La Cassazione, con la sentenza n. 29299 depositata il 14 novembre 2018, affronta una peculiare fattispecie in tema di conseguenze sanzionatorie connesse alla violazione dell’obbligo di fatturazione IVA, stabilendo che la società contribuente, che non abbia fatturato e contabilizzato in seno alle liquidazioni periodiche l’operazione, risponde non solo per l’omessa tenuta delle scritture contabili ex art. 6 comma 1 del DLgs. 471/97, ma anche per il ritardato versamento del tributo ex art. 13 comma 1 del DLgs. 471/97.

Nel caso di specie, a fronte dell’irrogazione delle sanzioni da parte dell’Amministrazione finanziaria per infedele fatturazione, omessa tenuta dei registri contabili e per tardivo versamento dell’imposta (dal testo della sentenza non si comprende se anche la dichiarazione fosse stata infedele), la società contribuente provvedeva a definire la sanzione per infedele fatturazione e omessa tenuta delle scritture contabili, e impugnava l’atto di contestazione delle sanzioni per tardivo versamento, presentando istanza di rimborso dell’importo versato a titolo di ravvedimento operoso (il ravvedimento era stato disconosciuto in quanto effettuato dopo l’inizio di un controllo fiscale, possibilità all’epoca dei fatti inibita, trattandosi di sistema ante L. 190/2014).

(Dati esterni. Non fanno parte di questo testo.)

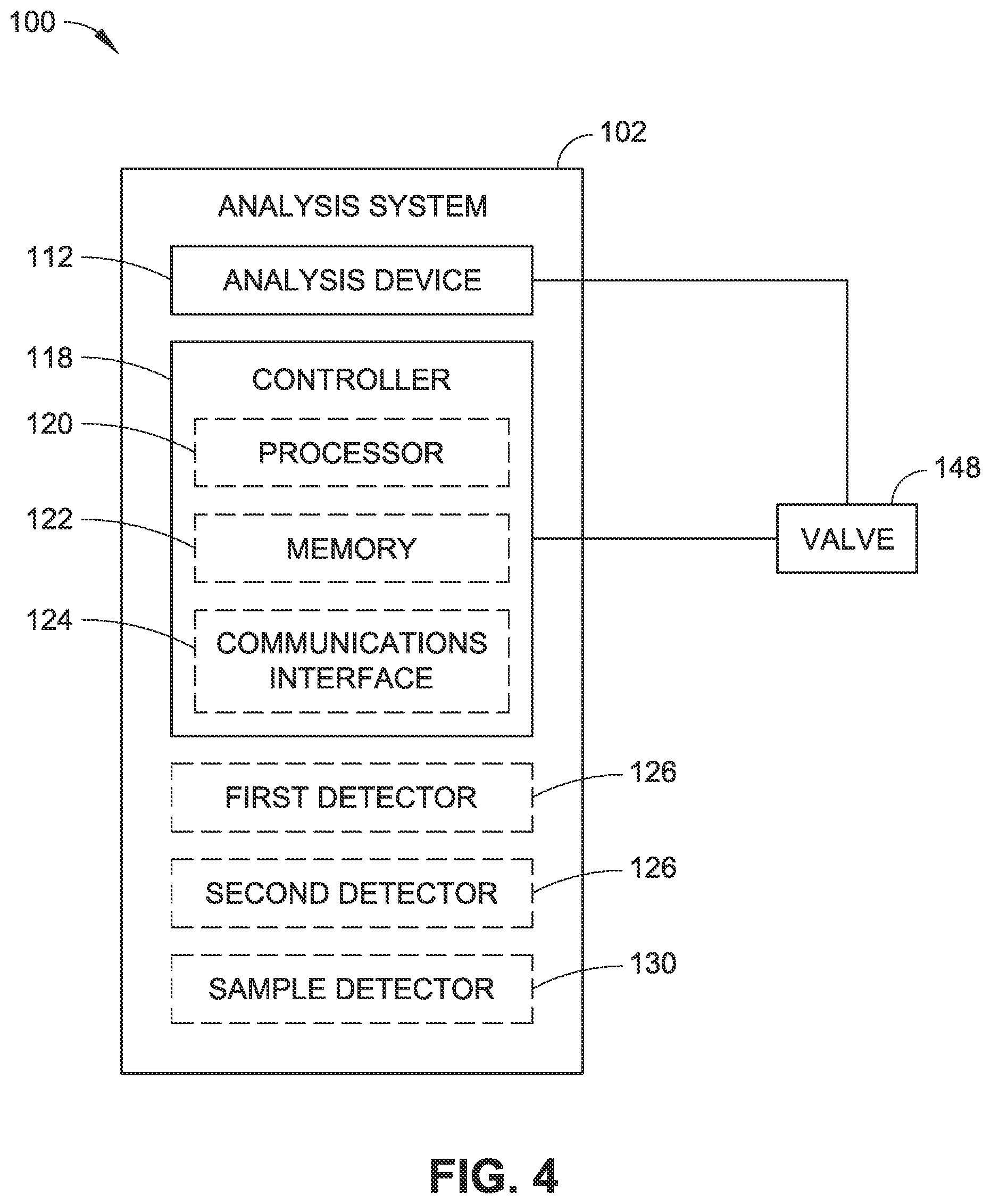 Patent US12366560 Figure 6 – System for collecting liquid samples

A sostegno della propria tesi difensiva, la società contribuente osservava che, non avendo adempiuto all’obbligo di fatturazione, non poteva essere sanzionata per il ritardato pagamento dell’IVA, costituendo – la regolare fatturazione – il presupposto della sanzione di cui all’art. 13 del DLgs. 471/97.
Per la Suprema Corte il ritardo nel pagamento si somma all’omessa tenuta delle scritture contabili e all’infedele fatturazione, trattandosi di una violazione che attiene all’imposta già liquidata, per la quale l’art. 13 del DLgs. n. 471/97 dispone un trattamento sanzionatorio proporzionale ed autonomo per ciascun mancato pagamento (Cass. 20 gennaio 2017 n. 1540). Il ritardo nel versamento del tributo, infatti, ha una propria configurazione, integrando una violazione sostanziale e non formale.

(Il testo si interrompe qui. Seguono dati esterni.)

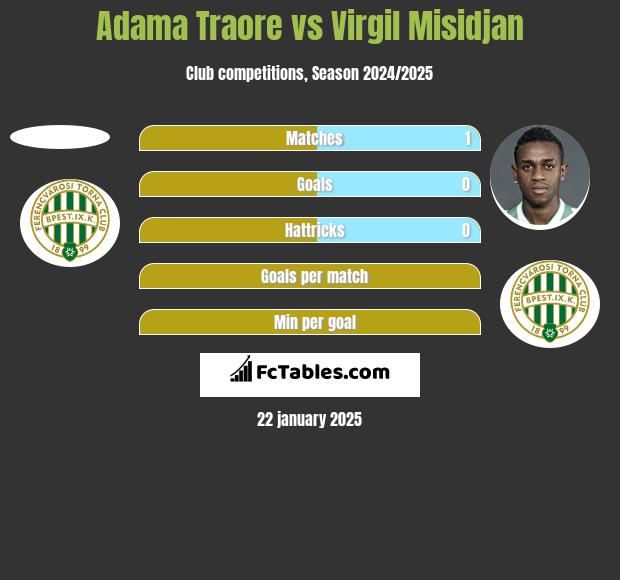 Adama Traore vs Virgil Misidjan h2h player stats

Si osserva, inoltre, che la società contribuente, avendo pagato a titolo di ravvedimentooperoso la sanzione dovuta per il ritardato pagamento del tributo in misura ridotta, avrebbe implicitamente riconosciuto la sussistenza della violazione e l’applicabilità dei presupposti della sanzione (Cass. 30 marzo 2016 n. 6108).
In tema di sanzioni, invero, anche la prassi amministrativa ritiene che la violazione sulla fatturazione non renda inapplicabili le violazioni sui versamenti, sicché, in sede di ravvedimento operoso ex art. 13 del DLgs. 472/97, occorrerebbe sanare tutte le violazioni: quelle ex art. 6 comma 1 del DLgs. 471/97 e l’omesso versamento in sede di liquidazione periodica (circ. Agenzia delle Entrate 19 febbraio 2015 n. 6 § 10.1).

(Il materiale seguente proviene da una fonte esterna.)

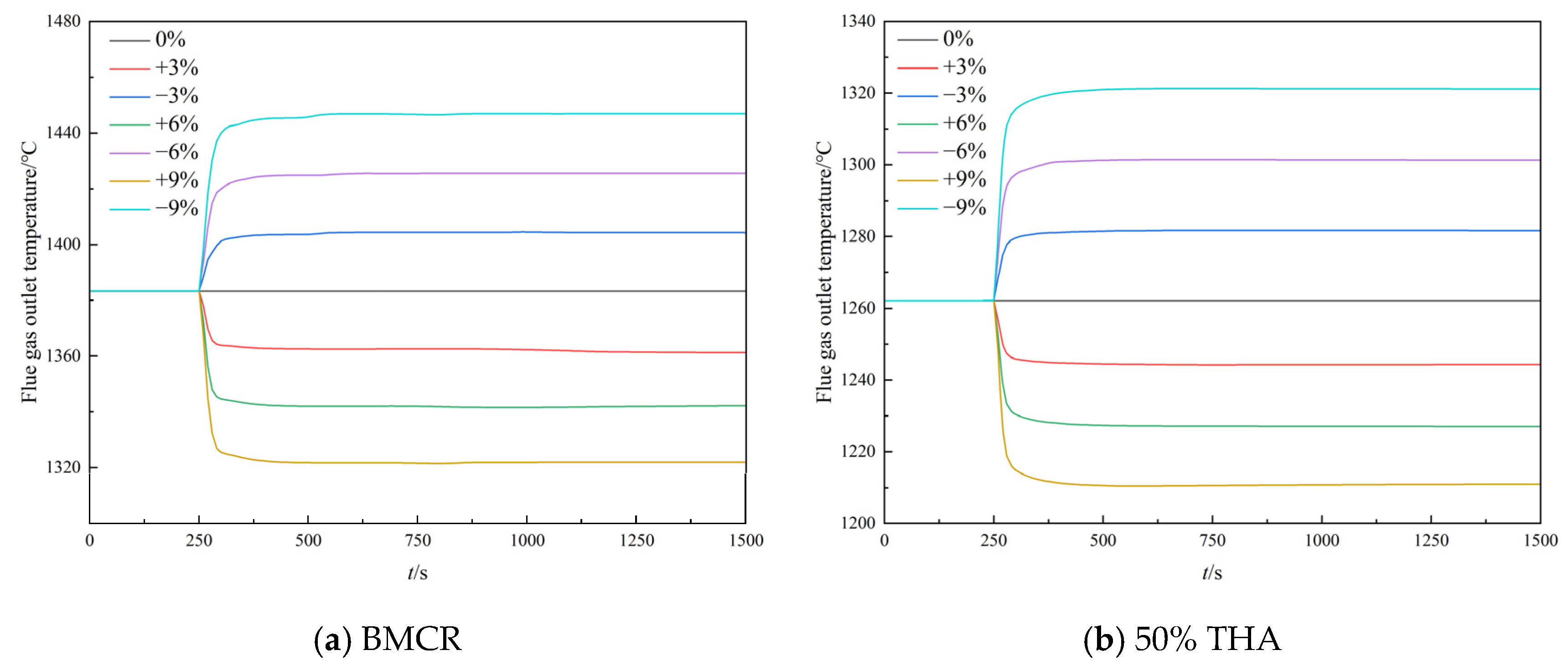 Energies 17 05349 g009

Poi, la violazione di infedele dichiarazione ex art. 5 del DLgs. 471/97, in quanto fattispecie più grave rispetto alle altre violazioni, quali l’omesso o tardivo versamento dell’IVA periodica, dovrebbe, ragionevolmente, assorbire tutte le altre (C.T. Reg. Torino 20 marzo 2014 n. 448/36/14). Nella sentenza n. 29299/2018, tuttavia, non si affronta il nesso tra violazione dichiarativa e omessi versamenti nella liquidazione periodica.

Sul punto, la C.T. Reg. Milano 10 luglio 2017 n. 3045/2/17, è giunta a ritenere che “ogniqualvolta viene regolarizzata la violazione prodromica, quella indotta relativa al versamento, non è da regolarizzare”; pertanto, “non va affatto eseguito il ravvedimento anche per la violazione indotta del mancato pagamento del tributo, ma solamente quella originaria dell’infedeltà dichiarativa”.
Un ragionamento simile, ma non condiviso dalla sentenza in commento, si potrebbe fare in merito al rapporto tra violazione sulla fatturazione e versamento dell’IVA: come affermato dalla difesa, ben può sostenersi che la violazione sui versamenti presupponga una fatturazione regolare.